Some displaced families said soldiers were polite, knocking on doors and assuring them they could return when the army left. Others said they were ruthless, ransacking rooms, waving rifles and hustling residents out of their homes despite pleas for more time.

"I was sobbing, asking them, 'Why do you want me to leave my house? My baby is upstairs, just let me get my baby please,' " Ayat Abdullah, 30, recalled from a shelter for displaced people in the village of Kafr al-Labd. "They gave us seven minutes. I brought my children, thank God. Nothing else."

A photo of houses in a refugee camp.
Israeli army machinery demolish Palestinian houses in Tulkarm on Tuesday. (Fadi Yassen/Reuters)

Told to make their own way, Abdullah trudged 10 kilometres on a path lighted only by the glow from her phone as rain turned the ground to mud. She said she clutched her children tight, braving possible snipers that had killed a 23-year-old pregnant woman just hours earlier on Feb. 9.

Her five-year-old son, Nidal, interrupted her story, pursing his lips together to make a loud buzzing sound.

"You're right, my love," she replied. "That's the sound the drones made when we left home."

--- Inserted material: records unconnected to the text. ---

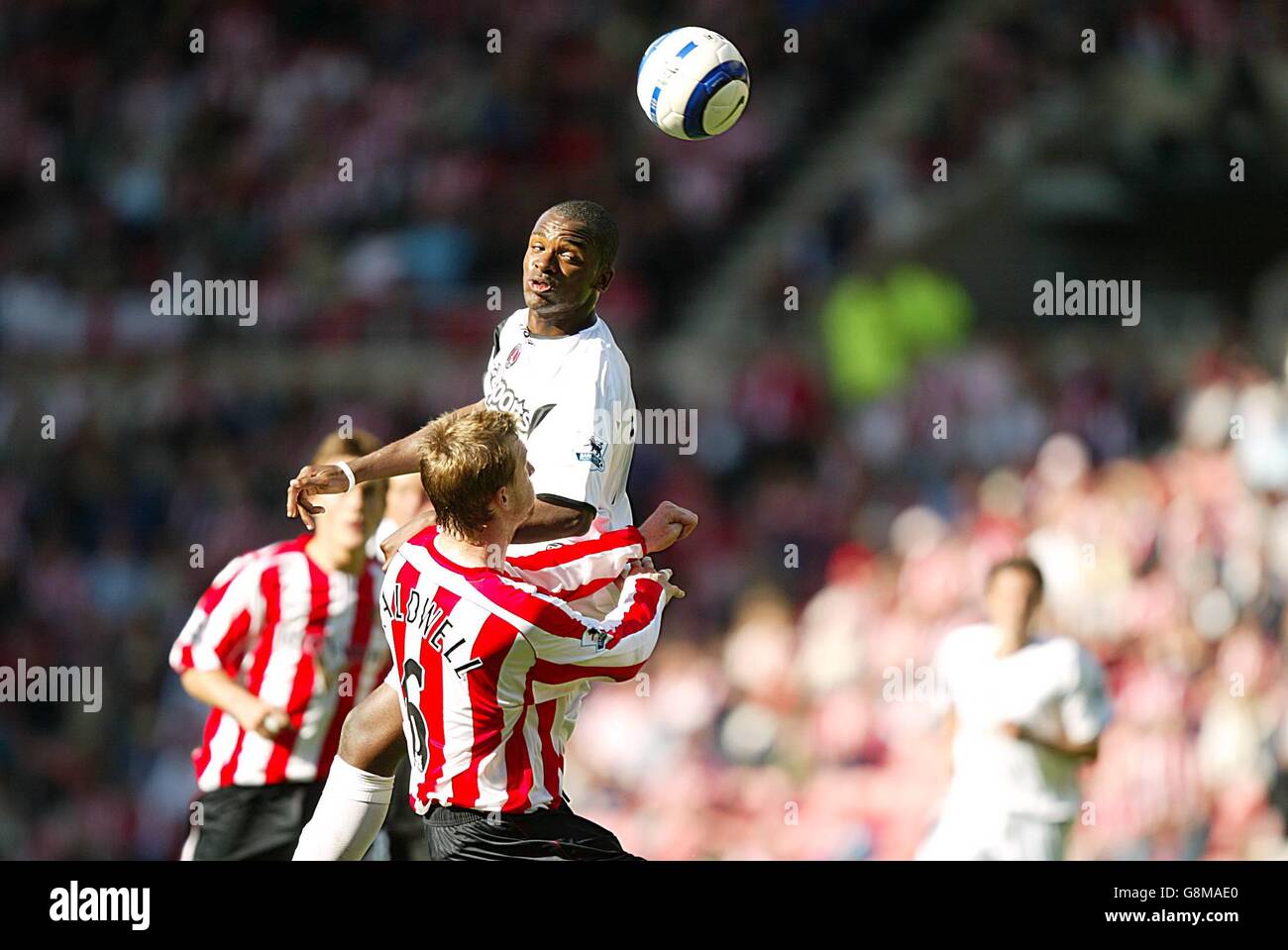 Charlton Athletic's Darren Bent wins the ball above Sunderland's Stephen Caldwell Stock Photo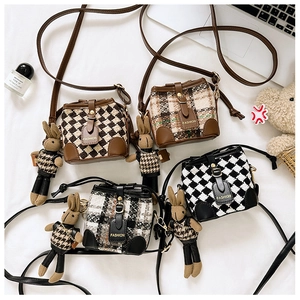 Flat lay of multiple tweed mini bucket bags with cute rabbit charms and metal lettering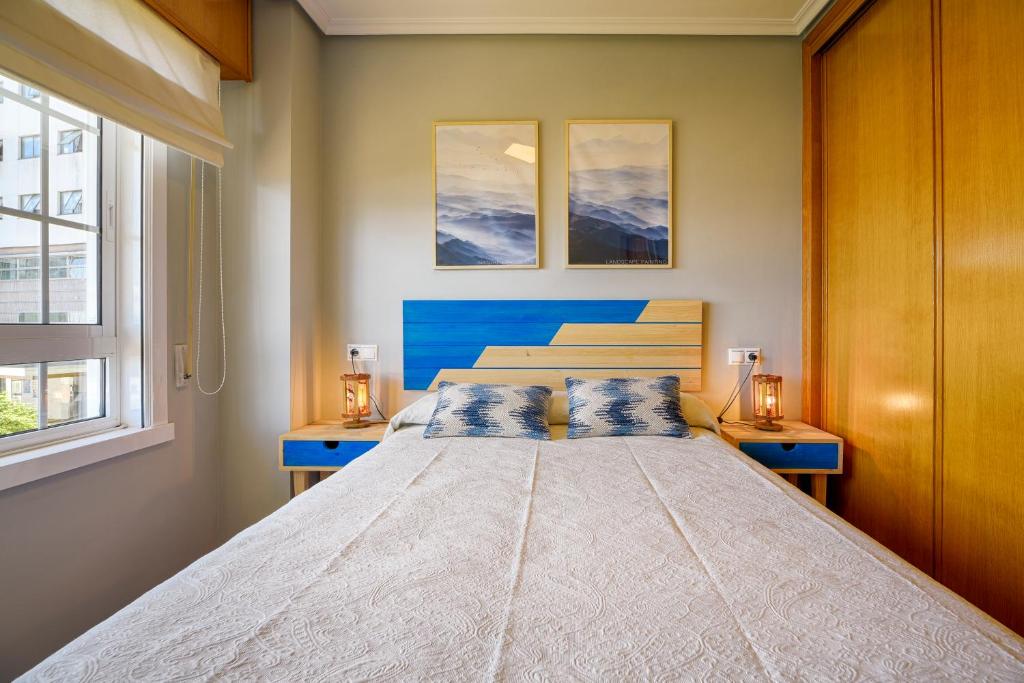 Posteľ alebo postele v izbe v ubytovaní San Amaro Beach 3 by TheBlueWaveApartments com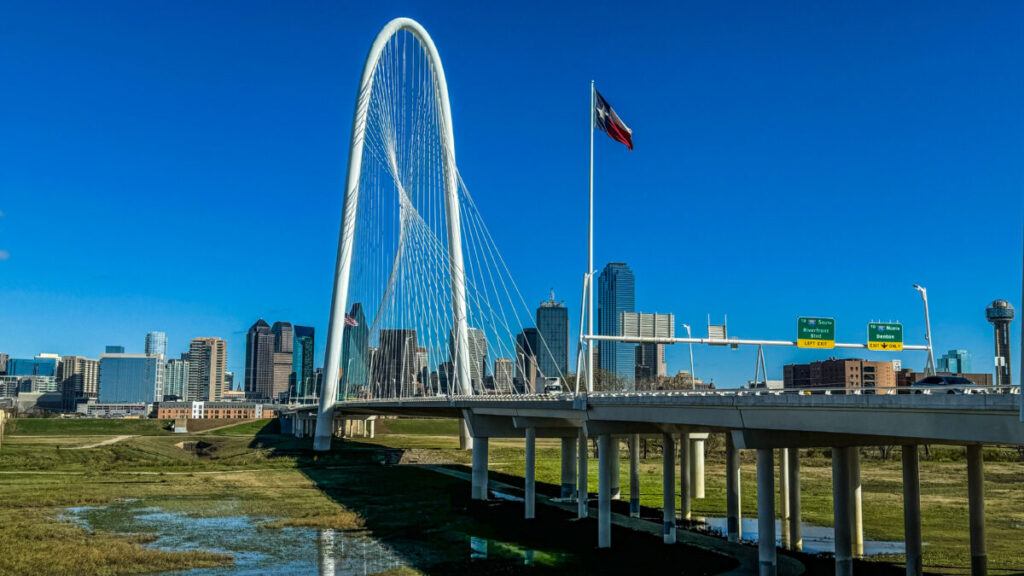 Dieses Bild zeigt die Margaret Hunt Hill Bridge und die Skyline von Dallas, Texas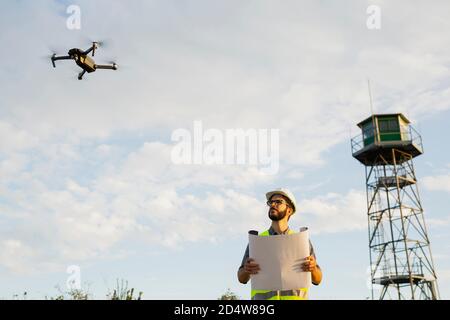 Arbeiter steht und prüft seine Pläne neben einem Flieger Drohne Stockfoto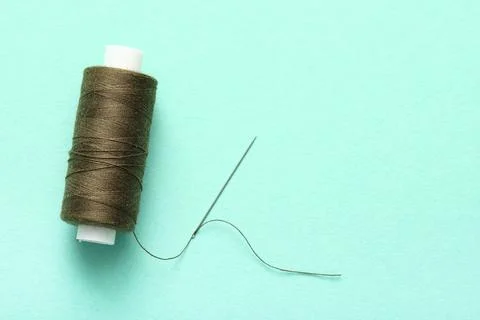 Green sewing thread with needle on turquoise background Stock Photos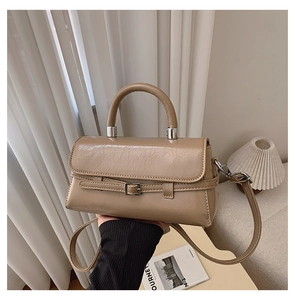 Close-up of a glossy tan leather crossbody bag featuring a classic buckle and metal details
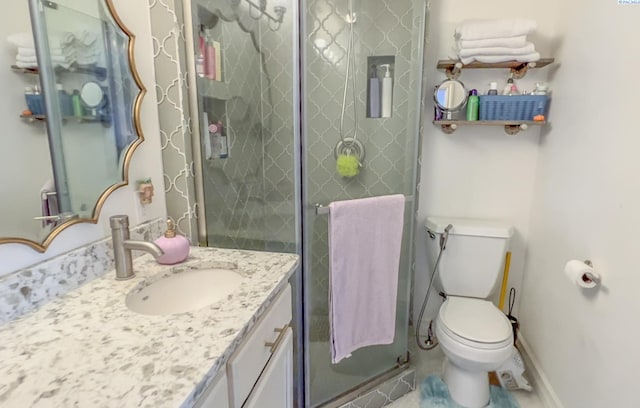 420 SE Dexter St, Pullman, WA 99163 - full bath featuring toilet, a shower stall, vanity, and baseboards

In the nearby town of Anabta, volunteers moved in and out of mosques and government buildings that have become makeshift shelters — delivering donated blankets, serving bitter coffee, distributing boiled eggs for breakfast and whipping up vats of rice and chicken for dinner. 

When the invasion started on Feb. 2, Israeli bulldozers ruptured underground pipes. Taps ran dry. Sewage gushed. Internet service was shut off. Schools closed. Food supplies dwindled. Explosions echoed. 

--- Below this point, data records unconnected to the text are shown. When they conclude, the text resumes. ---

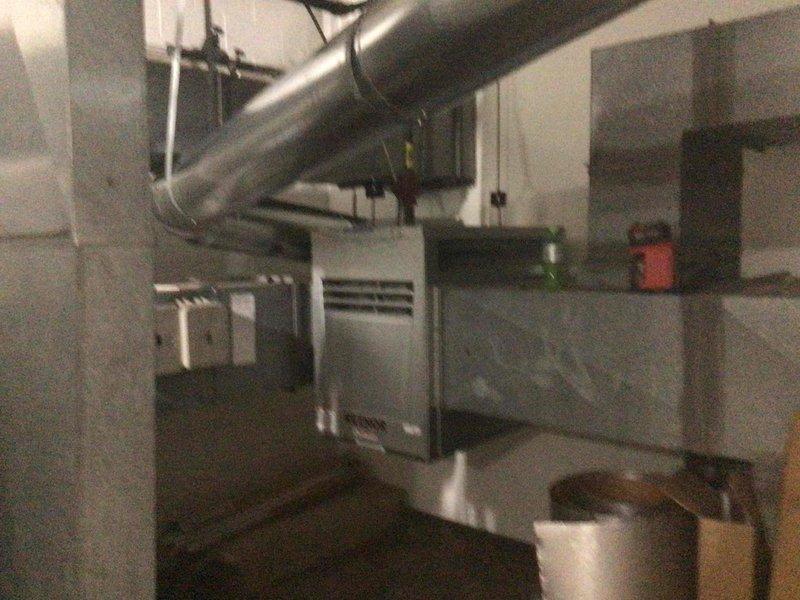 Successfully removed existing Reznor gas fired duct heater and installed new Reznor X-250 model in its place. Replaced 10-inch flue pipe from heater to B-vent tee, ensuring proper ventilation for the new unit. System was tested and confirmed to be operating according to manufacturer specifications.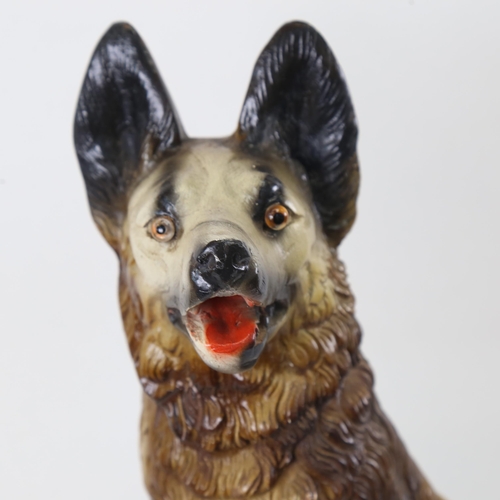 318 - An Art Deco style painted plaster sculpture, Alsatian on rocky outcrop, unsigned, height 50cm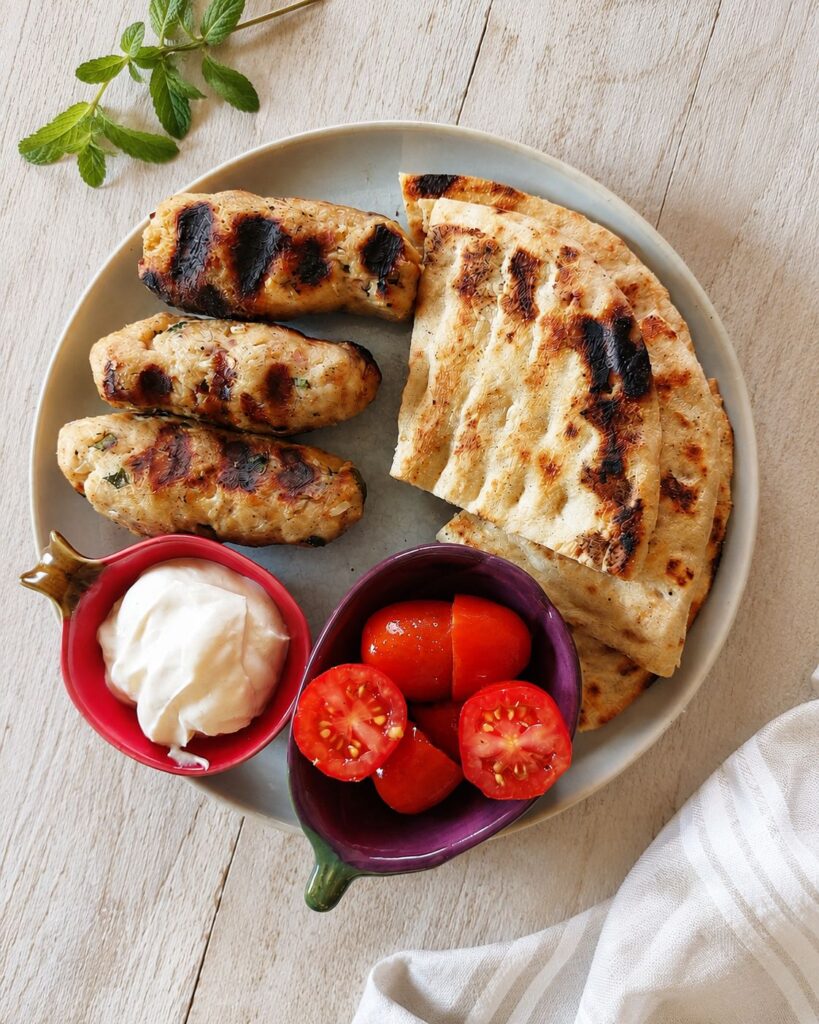 Juicy grilled chicken kebabs served with creamy Greek yogurt sauce, warm pita bread and fresh tomatoes.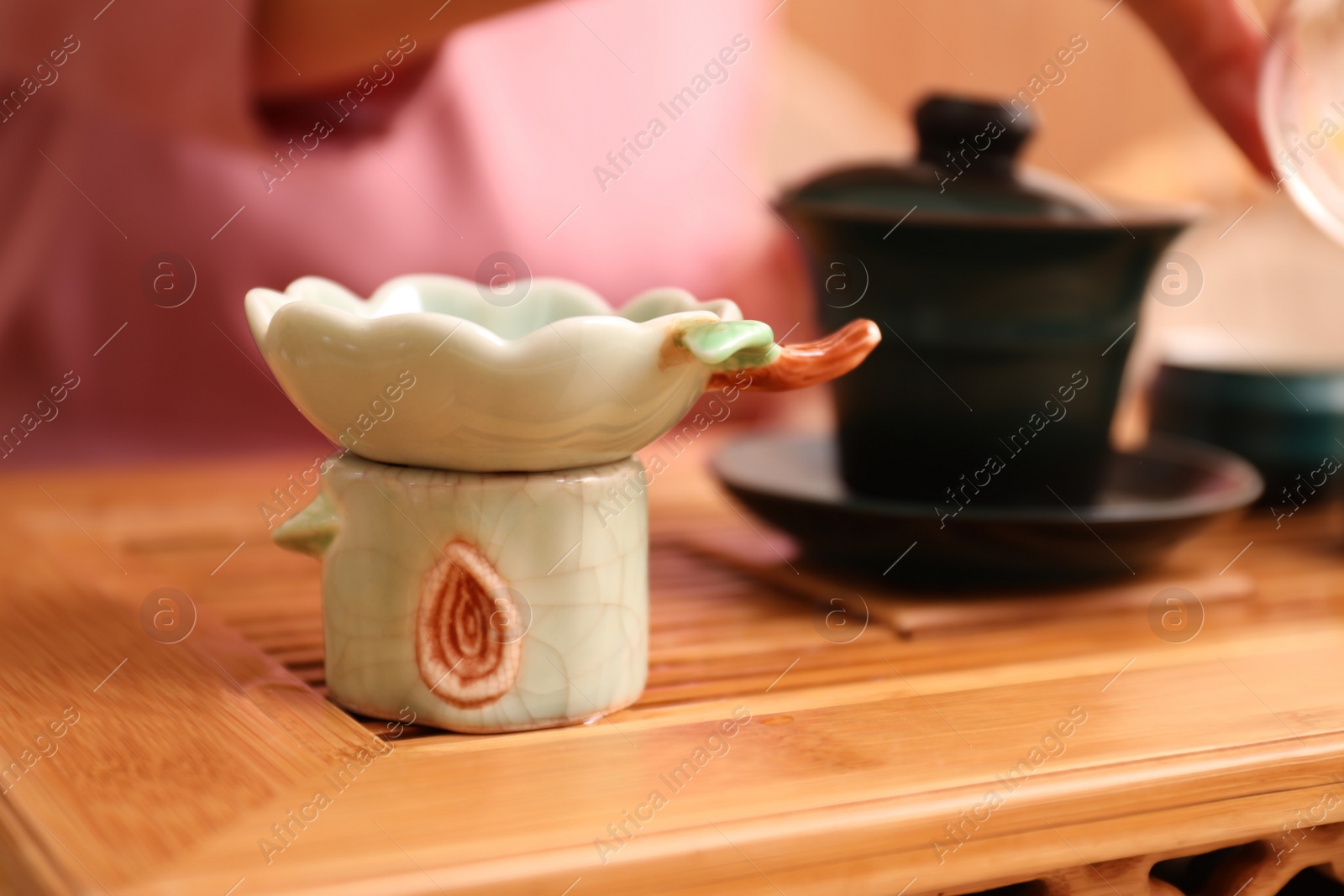 Photo of Beautiful ceramic filter for traditional tea ceremony on wooden stand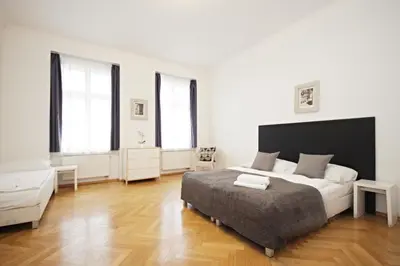 a white bedroom with a bed and two windows at Prague Central Residence in Prague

The Israeli army has described its ongoing campaign as a crucial counterterrorism effort to prevent attacks like Oct. 7, and said steps were taken to mitigate the impact on civilians. 

A chilling return

The first thing Doha Abu Dgheish noticed about her family's five-storey home 10 days after Israeli troops forced them to leave, she said, was the smell. 

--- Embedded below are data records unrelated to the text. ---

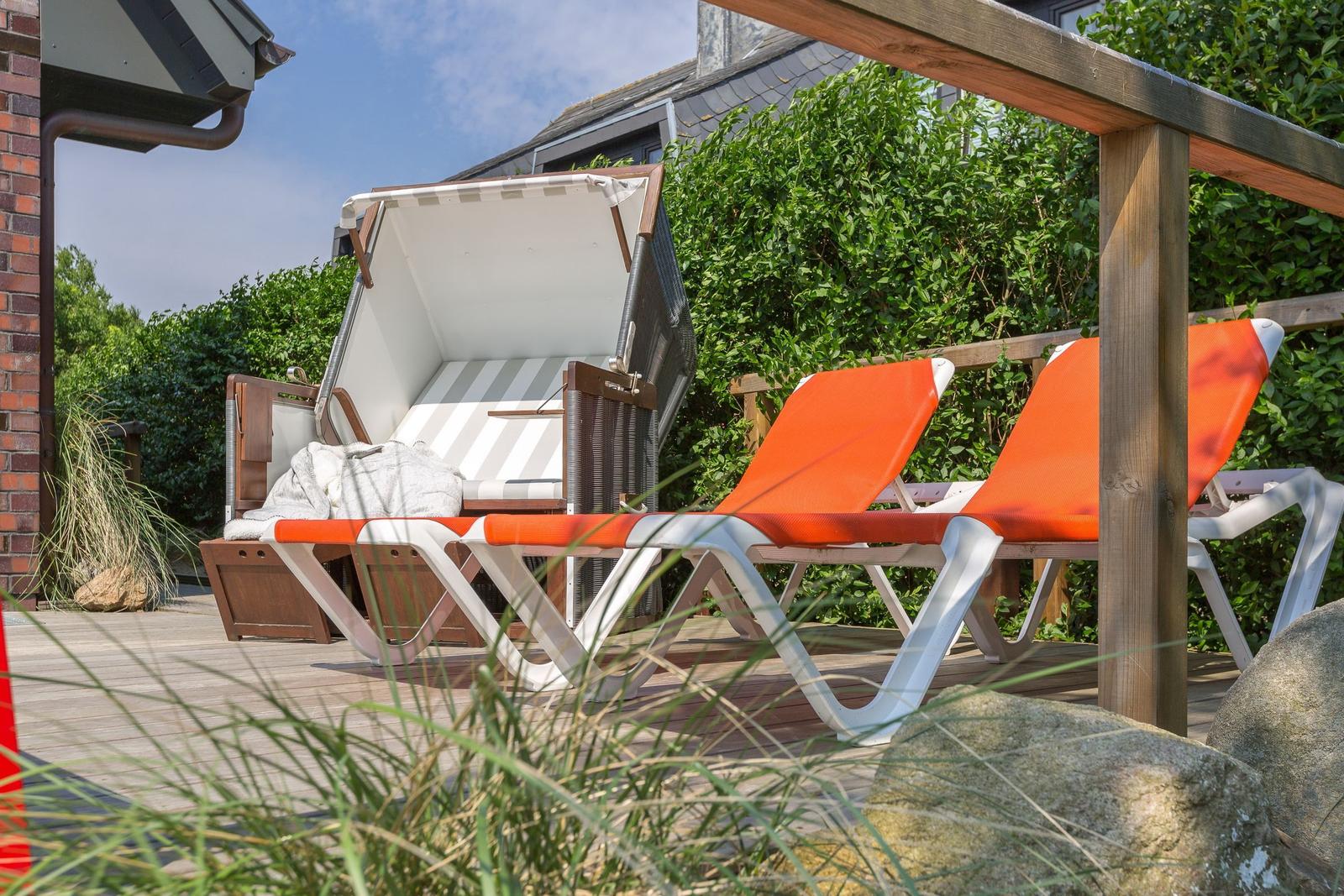 Terrasse mit orangefarbenen Liegestühlen und Sonnenschirm. Holzgeländer und Grünflächen im Hintergrund.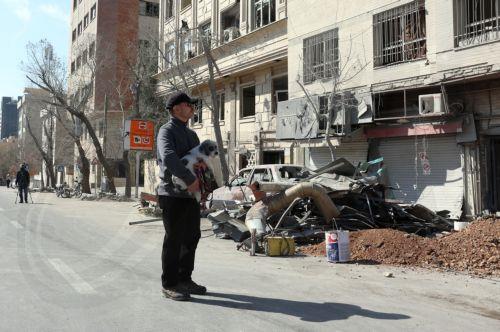 epa12793854 An Iranian man holds his dog as he walks past a damaged building in central Tehran, Iran, 04 March 2026. A joint Israeli and US military operation continues to target multiple locations across Iran since the early hours of 28 February 2026.  EPA/ABEDIN TAHERKENAREH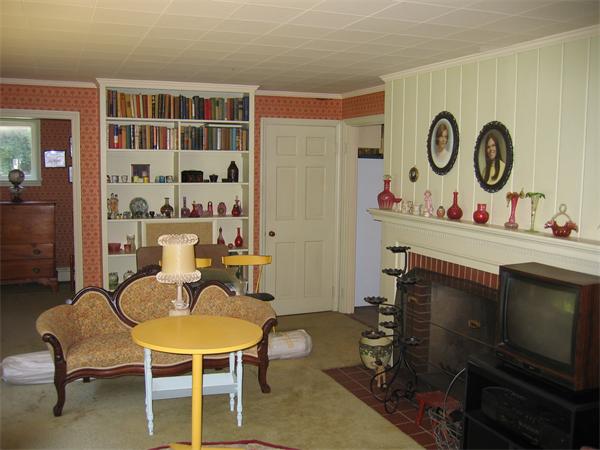 274 Bailey Road Holden, MA 01520 - Photo 3 of 9 a dining room with furniture and a fireplace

Venturing inside as Israeli troops withdrew from Far'a camp, she found rotten food and toilets piled with excrement. Pet parakeets had vanished from their cages. Pages of the Qur'an had been defaced with graphic drawings. Israeli forces had apparently used explosives to blow every door off its hinges, even though none had been locked. 

A soldier checks an elderly man.
Israeli soldiers check an elderly man's ID during an army operation in Tulkarem on Tuesday. (Majdi Mohammed/AP)

Rama, her 11-year-old daughter with Down syndrome, screamed upon finding her doll's skirt torn and its face covered with more graphic drawings.

Associated Press journalists visited the Abu Dgheish home on Feb. 12, hours after their return.

Nearly two dozen Palestinians interviewed across the four West Bank refugee camps this month described army units taking over civilian homes to use as a dormitories, storerooms or lookout points. The Abu Dgheish family accused Israeli soldiers of vandalizing their home, as did multiple families in Far'a.

WATCH | Israel launches military operation last month: 

Israel launches 'significant' military operation in West Bank, at least 8 Palestinians killed

1 month ago
Duration 3:18
Israeli security forces have raided the occupied West Bank city of Jenin, killing at least eight Palestinians in what Prime Minister Benjamin Netanyahu called a 'large-scale and significant military operation.'

The Israeli army blamed militants for embedding themselves in civilian infrastructure. Soldiers may be "required to operate from civilian homes for varying periods," it said, adding that the destruction of civilian property was a violation of the military's rules and does not conform to its values.

It said "any exceptional incidents that raise concerns regarding a deviation from these orders" are "thoroughly addressed," without elaborating.

For Abu Dgheish, the mess was emblematic of the emotional whiplash of their return. No one knows when they'll have to flee again.

"It's like they want us to feel that we're never safe," she said. "That we have no control."